■ What you need to do: Would you repeat each line below exactly, without the pictures?

■ The data:
• • • •

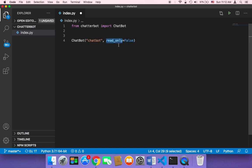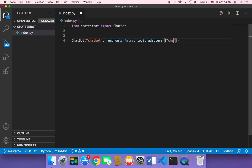The third important parameter is 'logic_adapters', which takes an array. This gives the chatbot the logic it uses to build its responses. For simple conversation — where the chatbot responds with simple strings — you pass 'chatterbot.logic.BestMatch'. You can also add an adapter that solves mathematical equations.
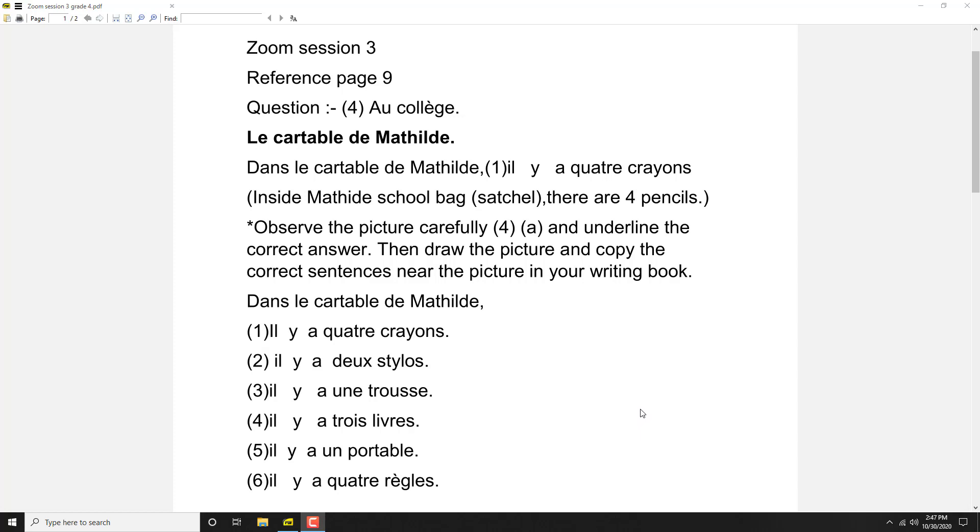Trois stylos. Then you find out two rulers, deux règles. Then you find out three textbooks, trois livres. Then you find out a cell phone, un portable. Then you find out a pencil case, une trousse.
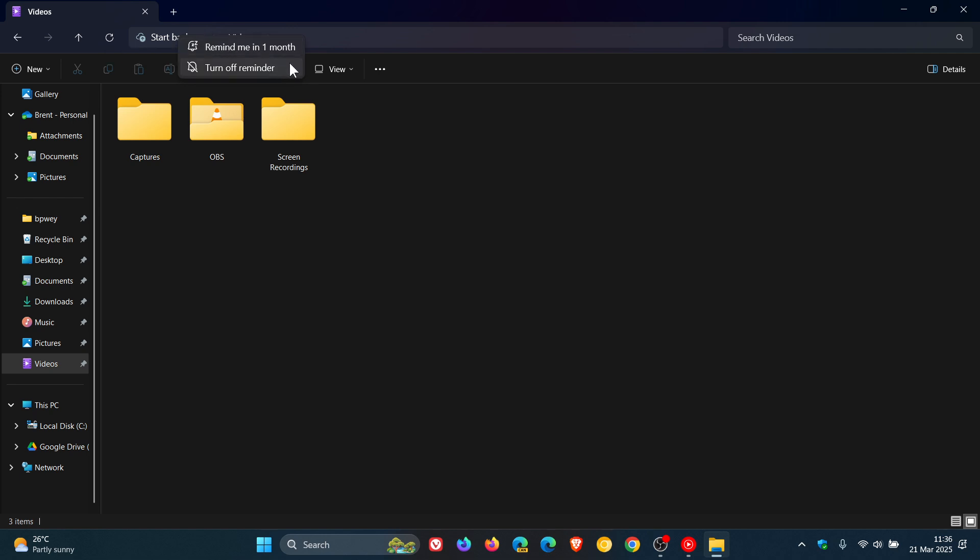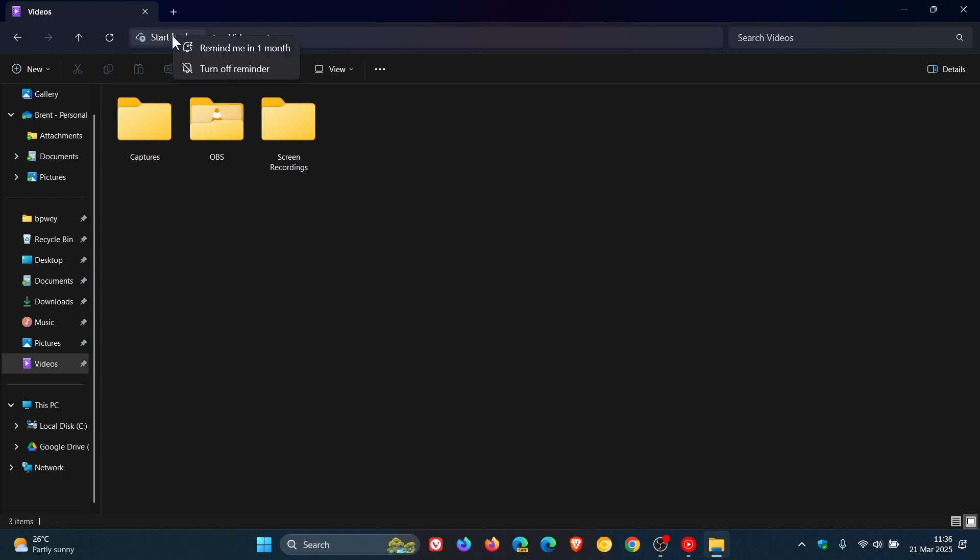or turn off the start backup reminder in the file explorer address bar and this only applies if you are not already backing up your files and folders so just take note of that. And then to view this new option as mentioned you right click the start backup icon. So you right click and you can turn off the reminder or you can remind me in one month.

• • • •

■ Result below:
The third important parameter is 'logic_adapters', which takes an array. This gives the chatbot the logic it uses to build its responses. For simple conversation — where the chatbot responds with simple strings — you pass 'chatterbot.logic.BestMatch'. You can also add an adapter that solves mathematical equations.
Trois stylos. Then you find out two rulers, deux règles. Then you find out three textbooks, trois livres. Then you find out a cell phone, un portable. Then you find out a pencil case, une trousse.
or turn off the start backup reminder in the file explorer address bar and this only applies if you are not already backing up your files and folders so just take note of that. And then to view this new option as mentioned you right click the start backup icon. So you right click and you can turn off the reminder or you can remind me in one month.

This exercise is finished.